Foi representado inúmeras vezes desde a Antiguidade até o presente, geralmente como um homem jovem, nu e imberbe, no auge de seu vigor, às vezes com um manto, um arco e uma aljava de flechas, ou uma lira, e com alguns de seus animais simbólicos, como a serpente, o corvo ou o grifo.
O deus da música e da poesia traz o equilíbrio que a canção exige, balanceando a delicada e intrigada composição. Traz, também, a força da juventude que o Rock exige. Mira sua seta no artista que, embutido da força primaz, faz uso para suas criações.
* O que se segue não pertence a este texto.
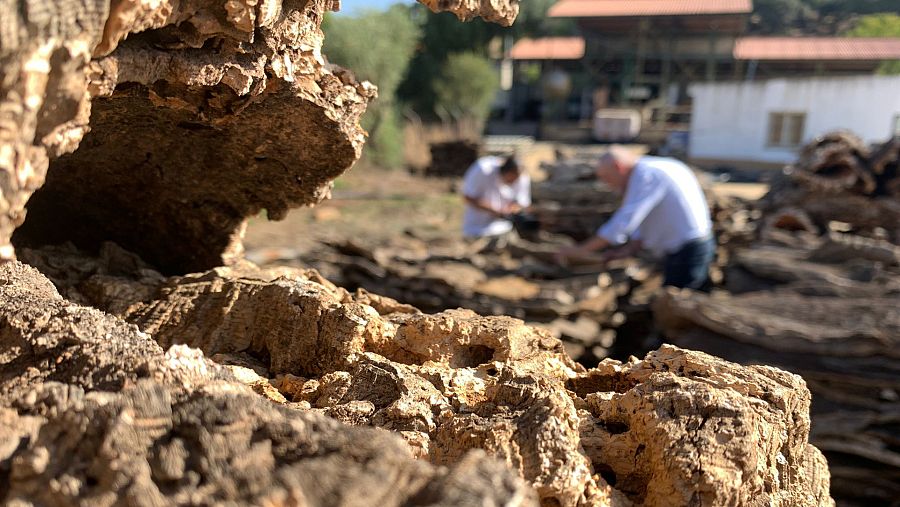 Cooperativa corchera San José en Berrocal, Huelva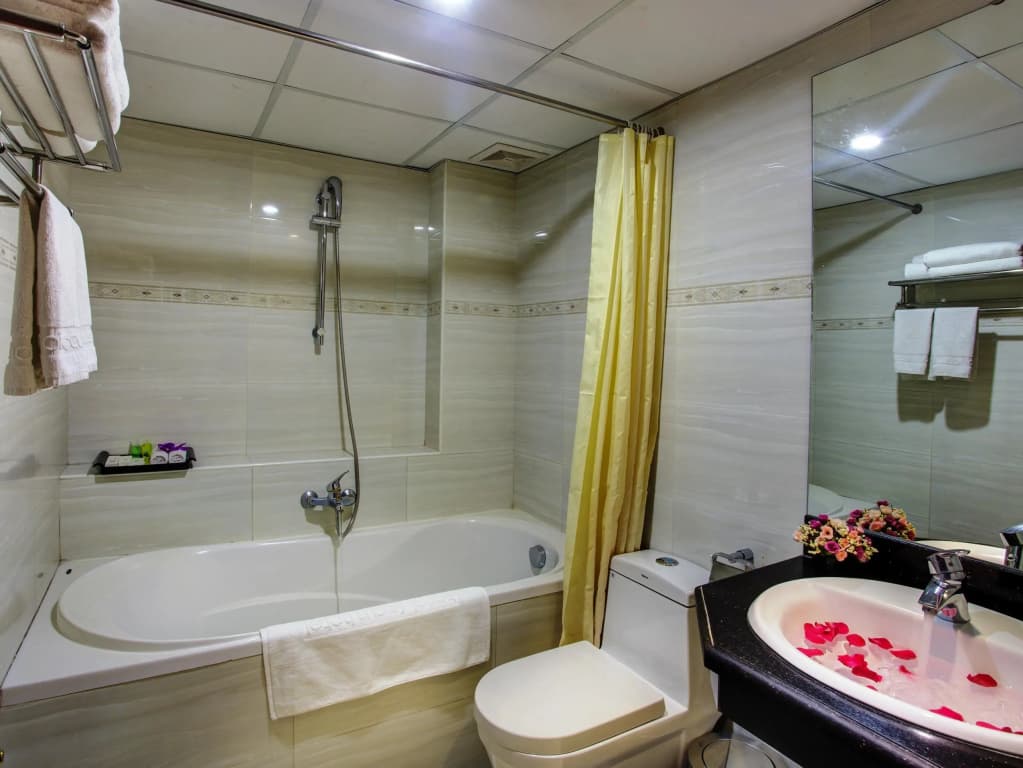 Parklane Hanoi Hotel - photo 7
Apolo, portanto, é um deus de vários atributos.
Dioniso ou Dionísio era o deus grego equivalente ao deus romano Baco: dos ciclos vitais, das festas, do vinho, da insânia, mas, sobretudo, da intoxicação que funde o bebedor com a deidade. Filho de Zeus e da princesa Sêmele, foi o único deus olimpiano filho de uma mortal, o que faz dele uma divindade grega atípica.
Há, na mitologia grega, versões muitas vezes diferentes e contraditórias dos eventos mitológicos. A história do nascimento de Dioniso não é diferente: existem pelo menos duas versões do nascimento de Dioniso.